La procesión siguió un formato solemne pero cargado de un simbolismo recuperado: el fuego que encendió las velas de cardenales y fieles trajo una luz que literalmente iluminó el templo, un contraste con la habitual rigidez y distancia protocolaria que caracteriza a la institución.

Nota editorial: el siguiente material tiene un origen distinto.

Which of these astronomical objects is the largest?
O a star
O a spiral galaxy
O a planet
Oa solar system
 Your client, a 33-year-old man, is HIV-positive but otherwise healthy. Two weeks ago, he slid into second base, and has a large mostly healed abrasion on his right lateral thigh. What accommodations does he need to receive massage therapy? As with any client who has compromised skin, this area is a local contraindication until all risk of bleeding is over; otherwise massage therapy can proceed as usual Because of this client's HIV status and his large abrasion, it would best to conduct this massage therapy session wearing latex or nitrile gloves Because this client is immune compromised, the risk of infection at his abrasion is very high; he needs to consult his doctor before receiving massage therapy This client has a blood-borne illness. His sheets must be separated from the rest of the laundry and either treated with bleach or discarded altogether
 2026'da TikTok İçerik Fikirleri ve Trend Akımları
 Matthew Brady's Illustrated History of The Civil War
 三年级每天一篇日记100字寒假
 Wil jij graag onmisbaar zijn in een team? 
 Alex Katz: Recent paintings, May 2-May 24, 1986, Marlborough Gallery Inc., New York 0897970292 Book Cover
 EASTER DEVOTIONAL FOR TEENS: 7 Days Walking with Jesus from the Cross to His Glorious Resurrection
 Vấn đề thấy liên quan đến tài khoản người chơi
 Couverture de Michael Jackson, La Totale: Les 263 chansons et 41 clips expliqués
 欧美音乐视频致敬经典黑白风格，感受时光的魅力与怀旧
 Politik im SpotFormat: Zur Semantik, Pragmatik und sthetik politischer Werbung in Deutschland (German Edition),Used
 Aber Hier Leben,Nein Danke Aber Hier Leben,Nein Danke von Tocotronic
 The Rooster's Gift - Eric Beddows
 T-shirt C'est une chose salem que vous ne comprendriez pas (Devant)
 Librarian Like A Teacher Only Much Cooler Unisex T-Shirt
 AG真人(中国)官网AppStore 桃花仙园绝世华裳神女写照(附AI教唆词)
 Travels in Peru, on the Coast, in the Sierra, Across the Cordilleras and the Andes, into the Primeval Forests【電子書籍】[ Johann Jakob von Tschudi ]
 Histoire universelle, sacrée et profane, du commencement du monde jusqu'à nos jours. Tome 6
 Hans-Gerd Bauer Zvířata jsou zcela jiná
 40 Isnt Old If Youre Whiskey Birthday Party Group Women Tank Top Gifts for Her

Por qué esto cambia el escenario
Este acto no es solo una ceremonia religiosa. León XIV está reconstruyendo puentes con prácticas olvidadas, cuestionando el ritmo conservador impuesto en los últimos pontificados y posicionándose como un papado que busca recuperar raíces auténticas. Al bautizar adultos, abre una puerta incómoda para la Iglesia: la atención a quienes llegan tarde a la fe, un signo de adaptación ante una sociedad que cada vez cuestiona menos las tradiciones dogmáticas.
Qué esperar después
Si este giro se sostiene, el Vaticano podría adoptar una agenda más pragmática y ritualista, acercándose a un público que demanda acciones concretas y visibles. También abre interrogantes sobre cómo responderá la alta jerarquía vaticana ante esta apertura y si otros rituales antiguos podrían volver a escena. La seguridad institucional y el control de la narrativa dentro del eje católico podrían verse tensionados si este modelo se extiende.